Collectivités territoriales : la France des échelons

Histoires de territoires : la France échevelée.



Suite à la suppression par un projet de loi du gouvernement des conseillers territoriaux et l'instauration des conseillers départementaux, gros plan sur les territoires.



Par un projet de loi ordinaire présenté en conseil des ministres le 28 novembre 2012, le gouvernement abroge les dispositions de la loi du 16 décembre 2010 portant réforme des collectivités territoriales qui avaient créé le conseiller territorial.


En 2010, l'Etat avait prévu de diminuer le nombre des conseillers généraux et régionaux, passant de 6 000 conseillers généraux et régionaux à 3 471 conseillers territoriaux, élus pour 4 ans dès 2014.
En 2012, l'Etat abroge les dispositions de la loi du 16 décembre 2010, supprime le scrutin des conseillers généraux, instaure des "conseillers départementaux" et reporte l'élection à 2015.

Gros plan sur les différents échelons en France au 1er décembre 2012.

Une organisation territoriale complexe

La France, ce sont 101 départements, 36 570 communes, représentant à elles seules 40 % des communes de toute l’Union européenne, 26 régions (21 en métropole et 4 outre-mer) devenues collectivités territoriales de plein exercice + la collectivité territoriale de Corse, plus de 350 pays et des milliers de Métropoles.

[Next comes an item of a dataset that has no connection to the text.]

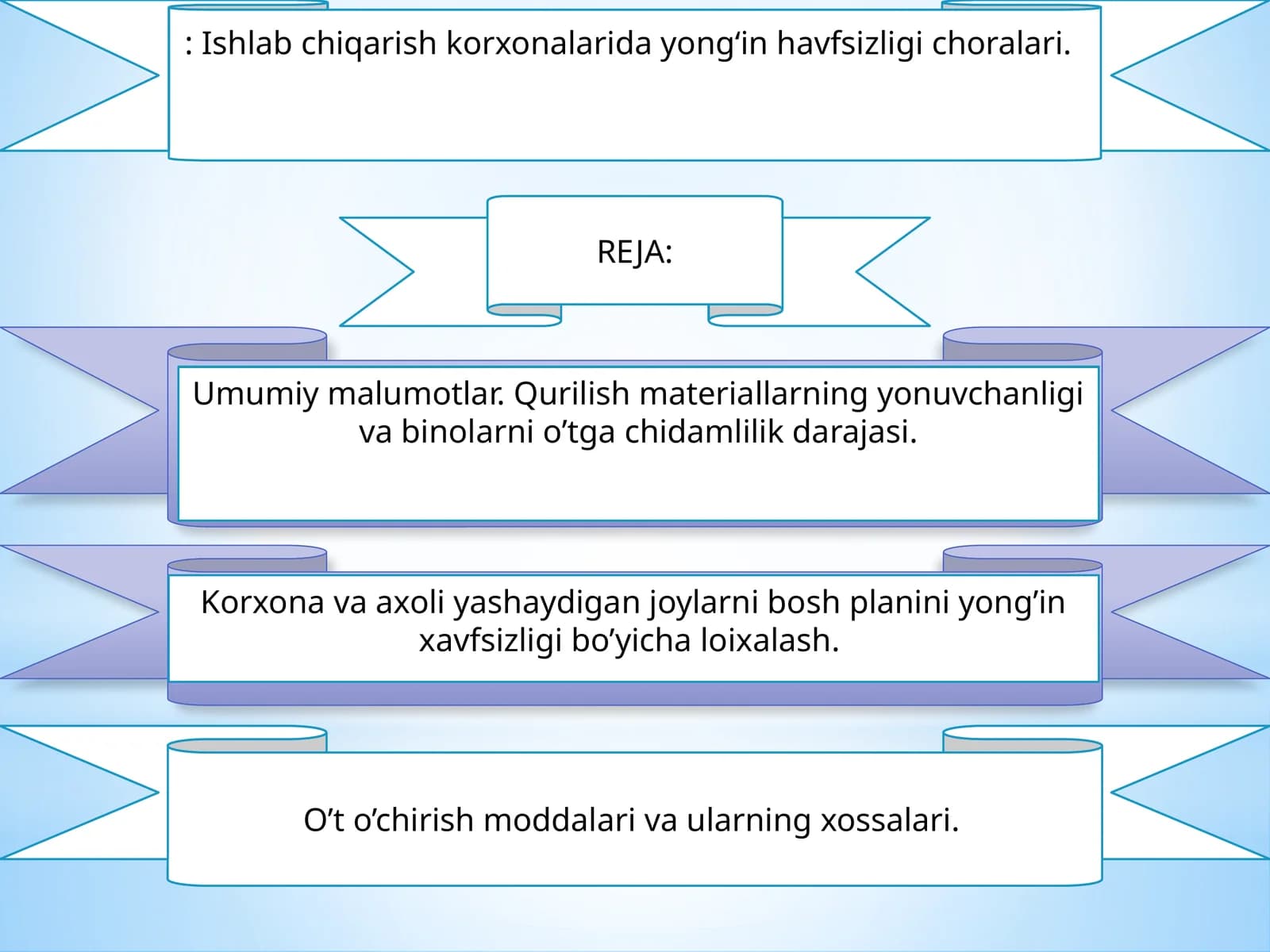 Yong'in havfsizligi choralari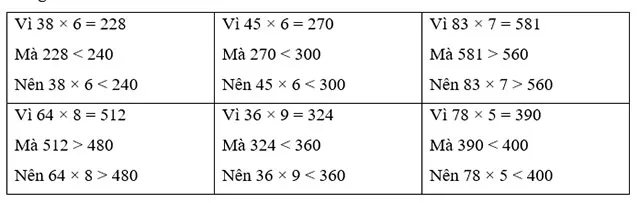 Toán lớp 4 Bài 46: Luyện tập chung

La loi n'a pas attribué à chaque catégorie de collectivités territoriales, commune, département, région, des blocs de compétences clairs. En revanche, elle permet d'identifier les absences de responsabilités et les interventions concurrentes des différents échelons administratifs.

Pour tenter d'y remédier, le législateur permet aux communes de se regrouper en intercommunalité pour une mutualisation des services et des élus, en accordant une spécificité aux Métropoles et aux Pôles métropolitains, 2 entités distinctes. Les Métropoles sont des établissements publics de coopération intercommunale (EPCI) à fiscalité propre pour les territoires de plus de 500 000 habitants, excepté en Ile-de-France, et les Pôles métropolitains sont des syndicats mixtes regroupant des intercommunalités à fiscalité propre.

Le processus pour que plusieurs communes fusionnent est complexe : l'initiative revient aux conseils municipaux de communes limitrophes, suivie d'une consultation des électeurs recueillant l’accord de la majorité absolue des suffrages exprimés correspondant au moins au quart des électeurs inscrits dans l’ensemble du périmètre concerné.

Il est autorisée qu'une commune refuse de fusionner avec d'autres communes. Dans ce cas, il lui faut recueillir les deux tiers des suffrages exprimés représentant au moins la moitié des électeurs inscrits manifestant leur opposition au projet de fusion. C'est par ce vote que les autres communes peuvent poursuivre la procédure de fusion sans elle.

Au 1er janvier 2010, les intercommunalités représentaient près de 90 % de la population française et seules 1 908 des 36 570 communes n'étaient pas membres d’un EPCI à fiscalité propre, soit moins de 7 % de l’ensemble des communes.

En conclusion : la France, ce sont 3 niveaux de collectivités locales de plein exercice, commune, département, région, auxquels il faut ajouter les intercommunalités, dont font partie les Métropoles, et un outil supra-intercommunal : les Pôles métropolitains. En 2011, on dénombre 3 277 syndicats mixtes de Pôles métropolitains composés d’EPCI à fiscalité propre.

L'enjeu de toute réforme territoriale : réussir à jouer plusieurs musiques sur le même air.